“We don’t want to be Americans,” Parnûna Motzfeldt, 25, said Tuesday, adding that Greenland was “not for sale,” a sentiment that has become a slogan across the island in the midst of Trump’s takeover plans. “We only want to be Greenlanders,” she added.
Jens Erik Kjeldsen, a retired carpenter who has been staging a one-man protest outside the U.S. Consulate in Nuuk since Monday despite the freezing temperatures, expressed fears that Trump is “trying to buy the world or take it with his power.”
“You might win a war with power, but you can never win the peace,” Kjeldsen, 70, who moved from Denmark in the 1970s, warned Wednesday.
Holding up flags representing Denmark, Greenland and the Faroe Islands, he said: “We never want to be American.
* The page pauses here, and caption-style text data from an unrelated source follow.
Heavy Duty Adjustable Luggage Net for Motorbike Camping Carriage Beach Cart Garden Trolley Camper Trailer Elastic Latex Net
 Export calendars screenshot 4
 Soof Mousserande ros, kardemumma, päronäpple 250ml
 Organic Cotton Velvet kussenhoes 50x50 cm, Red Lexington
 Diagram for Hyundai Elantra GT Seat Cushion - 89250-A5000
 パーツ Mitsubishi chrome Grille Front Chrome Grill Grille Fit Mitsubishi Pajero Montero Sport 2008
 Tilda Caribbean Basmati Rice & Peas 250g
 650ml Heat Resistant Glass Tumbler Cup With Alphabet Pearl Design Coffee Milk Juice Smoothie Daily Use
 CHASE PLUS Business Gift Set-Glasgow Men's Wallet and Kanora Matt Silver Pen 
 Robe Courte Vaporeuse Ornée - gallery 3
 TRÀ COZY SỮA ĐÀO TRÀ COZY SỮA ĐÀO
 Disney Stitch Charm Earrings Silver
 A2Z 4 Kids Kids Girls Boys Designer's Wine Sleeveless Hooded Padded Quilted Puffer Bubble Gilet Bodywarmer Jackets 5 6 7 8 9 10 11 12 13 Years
We like the Americans, we like being there, we like being visited by them … but to be American? No, no, no.”
Fears for the future have grown in Greenland in recent days, as Trump has intensified his rhetoric about taking control of the vast territory, where around 90% of the population of roughly 57,000 inhabitants are Inuit.
In lengthy remarks at the Davos summit, Trump said Wednesday he did not plan to “use force” to take Greenland. Referring to NATO spending, he said that the U.S. “probably won’t get anything unless I decide to use excessive strength and force, where we would be, frankly, unstoppable, but I won’t do that.”
Instead, he said, Europe has “a choice,” adding: “You can say yes, and we will be very appreciative, or you can say no, and we will remember.”